## [Exercise objective]
Please return every line of the material verbatim and skip any images.

## [Material provided]
--

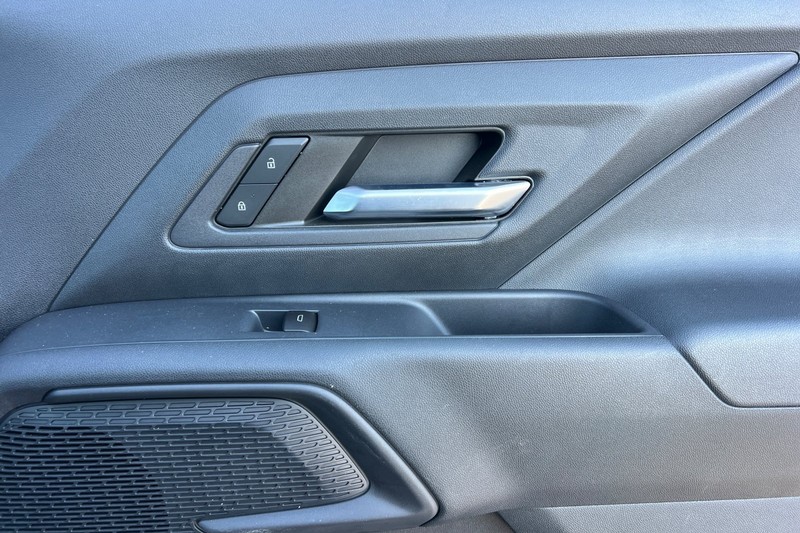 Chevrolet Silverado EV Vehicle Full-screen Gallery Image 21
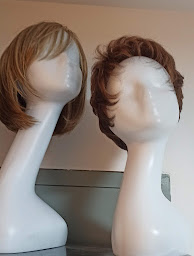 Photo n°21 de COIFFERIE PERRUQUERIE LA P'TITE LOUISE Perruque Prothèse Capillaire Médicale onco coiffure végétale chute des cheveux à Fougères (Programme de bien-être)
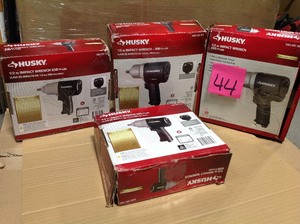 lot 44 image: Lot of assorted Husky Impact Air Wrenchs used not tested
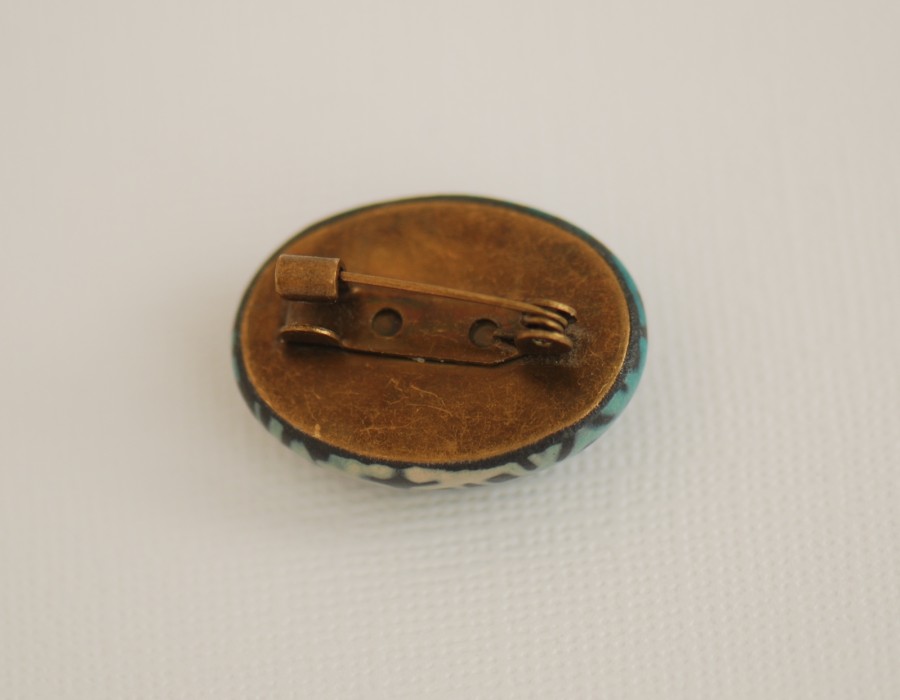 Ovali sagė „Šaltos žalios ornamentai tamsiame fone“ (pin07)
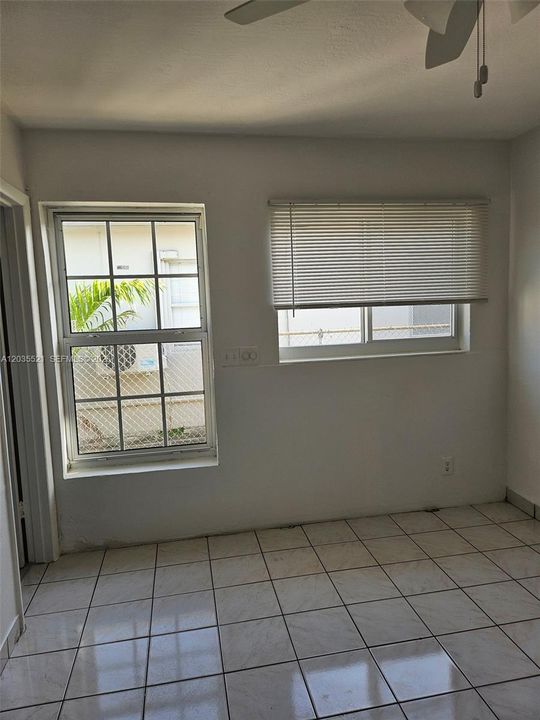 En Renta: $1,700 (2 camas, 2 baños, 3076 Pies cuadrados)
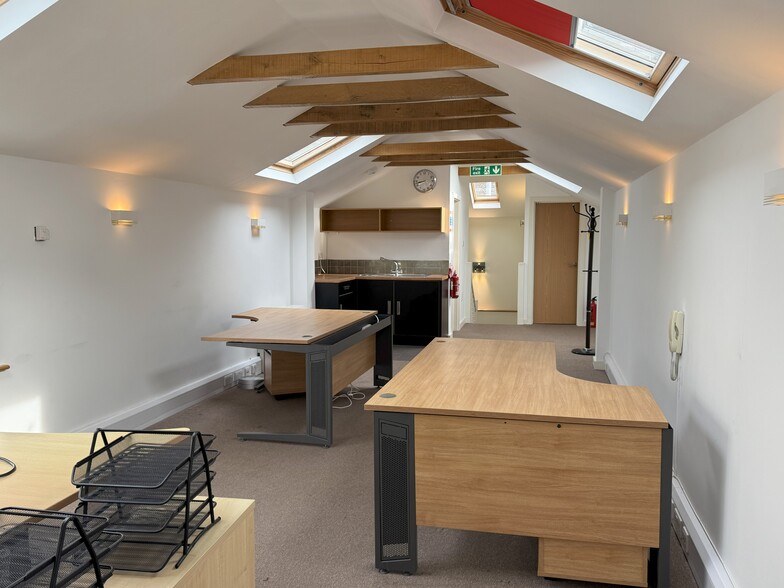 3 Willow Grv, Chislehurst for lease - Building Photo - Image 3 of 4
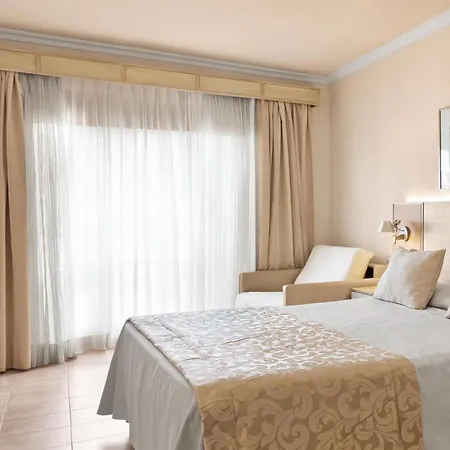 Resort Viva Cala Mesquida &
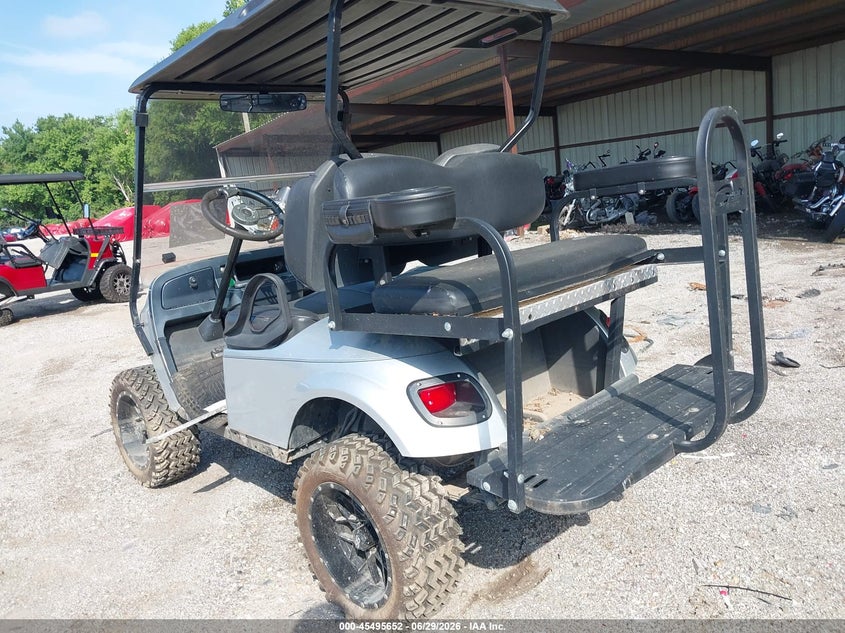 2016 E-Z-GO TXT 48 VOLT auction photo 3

--

## [Response area]
 Chevrolet Silverado EV Vehicle Full-screen Gallery Image 21
 Photo n°21 de COIFFERIE PERRUQUERIE LA P'TITE LOUISE Perruque Prothèse Capillaire Médicale onco coiffure végétale chute des cheveux à Fougères (Programme de bien-être)
 lot 44 image: Lot of assorted Husky Impact Air Wrenchs used not tested
 Ovali sagė „Šaltos žalios ornamentai tamsiame fone“ (pin07)
 En Renta: $1,700 (2 camas, 2 baños, 3076 Pies cuadrados)
 3 Willow Grv, Chislehurst for lease - Building Photo - Image 3 of 4
 Resort Viva Cala Mesquida &
 2016 E-Z-GO TXT 48 VOLT auction photo 3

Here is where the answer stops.